● **Task goal**
Among the entries below, please repeat exactly and only the lines from the line containing "Welcome back to" to the line containing "And you can see here", both lines included.

● **Data under study**
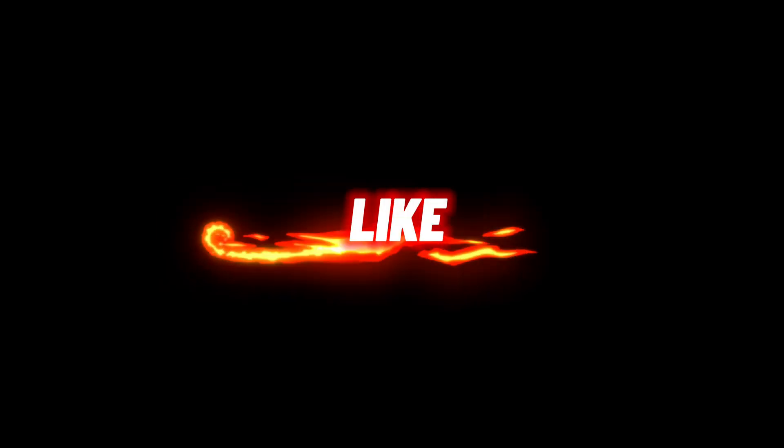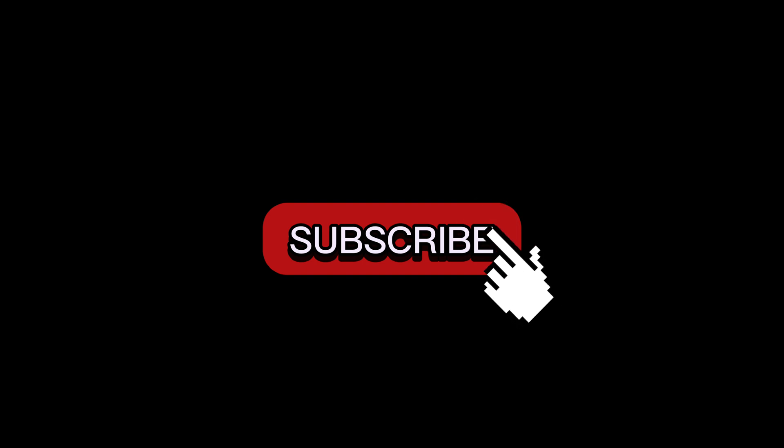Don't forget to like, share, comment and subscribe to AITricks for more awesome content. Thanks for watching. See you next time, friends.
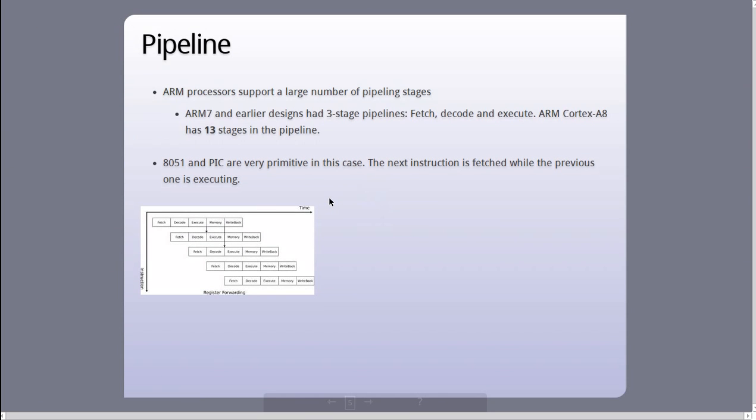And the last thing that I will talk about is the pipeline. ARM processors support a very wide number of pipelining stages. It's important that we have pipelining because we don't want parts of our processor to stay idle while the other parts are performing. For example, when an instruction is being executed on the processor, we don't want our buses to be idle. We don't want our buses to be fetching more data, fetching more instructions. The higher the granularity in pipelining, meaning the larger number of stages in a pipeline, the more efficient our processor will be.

--

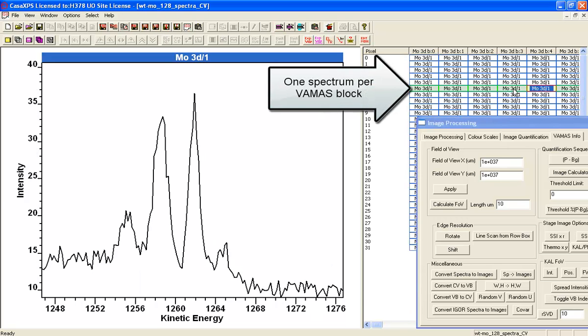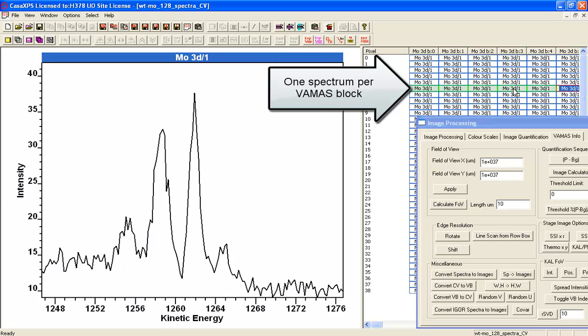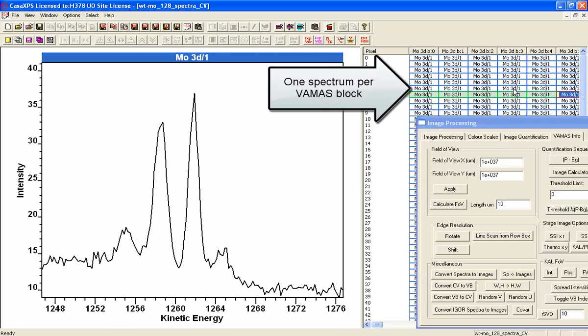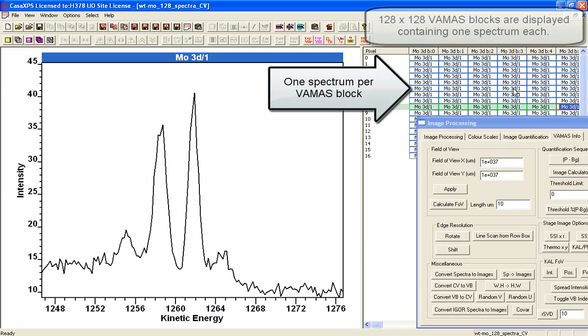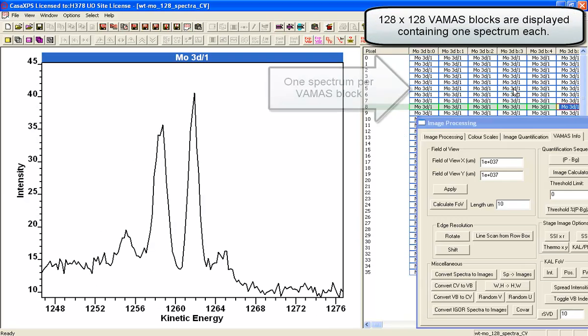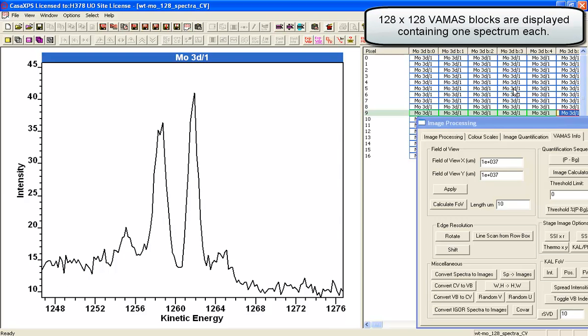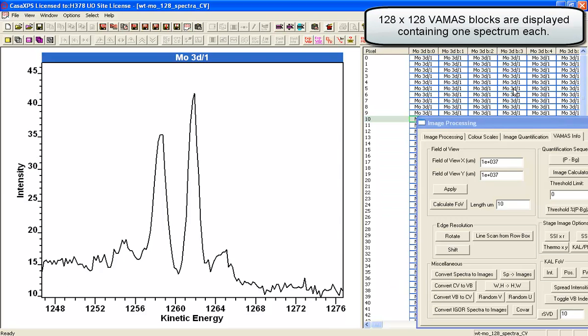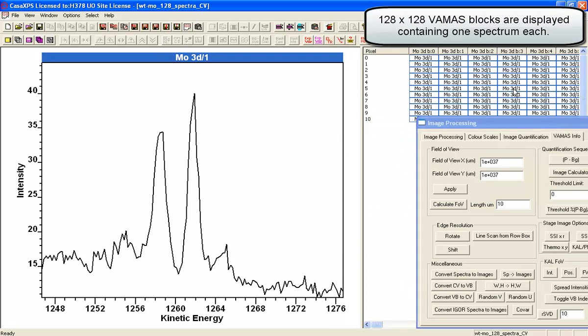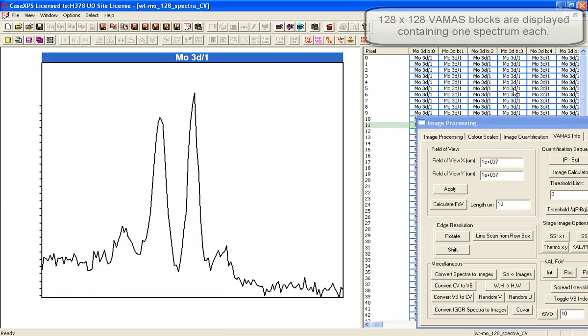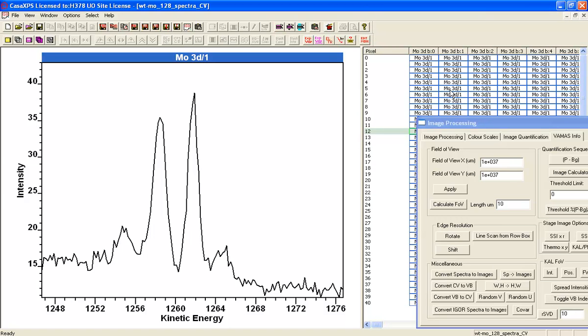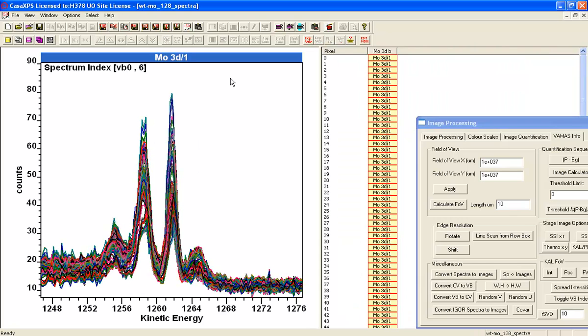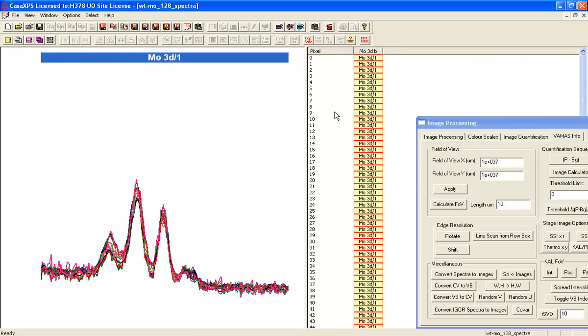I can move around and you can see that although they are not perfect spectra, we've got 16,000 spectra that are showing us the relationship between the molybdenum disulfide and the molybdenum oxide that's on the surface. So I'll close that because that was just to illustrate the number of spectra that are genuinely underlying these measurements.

...

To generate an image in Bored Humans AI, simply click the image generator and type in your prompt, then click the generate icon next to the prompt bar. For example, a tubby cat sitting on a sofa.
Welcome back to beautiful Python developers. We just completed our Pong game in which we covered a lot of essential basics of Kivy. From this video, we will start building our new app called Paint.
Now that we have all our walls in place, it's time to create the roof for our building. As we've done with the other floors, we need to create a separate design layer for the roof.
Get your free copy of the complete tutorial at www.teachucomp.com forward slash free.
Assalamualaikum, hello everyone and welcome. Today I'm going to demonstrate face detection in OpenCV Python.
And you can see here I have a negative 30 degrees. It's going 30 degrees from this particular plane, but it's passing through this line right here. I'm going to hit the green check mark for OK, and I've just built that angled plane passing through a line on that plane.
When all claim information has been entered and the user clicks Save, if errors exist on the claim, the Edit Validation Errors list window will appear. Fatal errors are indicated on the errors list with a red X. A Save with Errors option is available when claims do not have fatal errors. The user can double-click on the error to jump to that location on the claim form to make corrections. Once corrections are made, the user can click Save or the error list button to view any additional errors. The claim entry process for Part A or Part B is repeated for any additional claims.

● **Exercise result**
Welcome back to beautiful Python developers. We just completed our Pong game in which we covered a lot of essential basics of Kivy. From this video, we will start building our new app called Paint.
Now that we have all our walls in place, it's time to create the roof for our building. As we've done with the other floors, we need to create a separate design layer for the roof.
Get your free copy of the complete tutorial at www.teachucomp.com forward slash free.
Assalamualaikum, hello everyone and welcome. Today I'm going to demonstrate face detection in OpenCV Python.
And you can see here I have a negative 30 degrees. It's going 30 degrees from this particular plane, but it's passing through this line right here. I'm going to hit the green check mark for OK, and I've just built that angled plane passing through a line on that plane.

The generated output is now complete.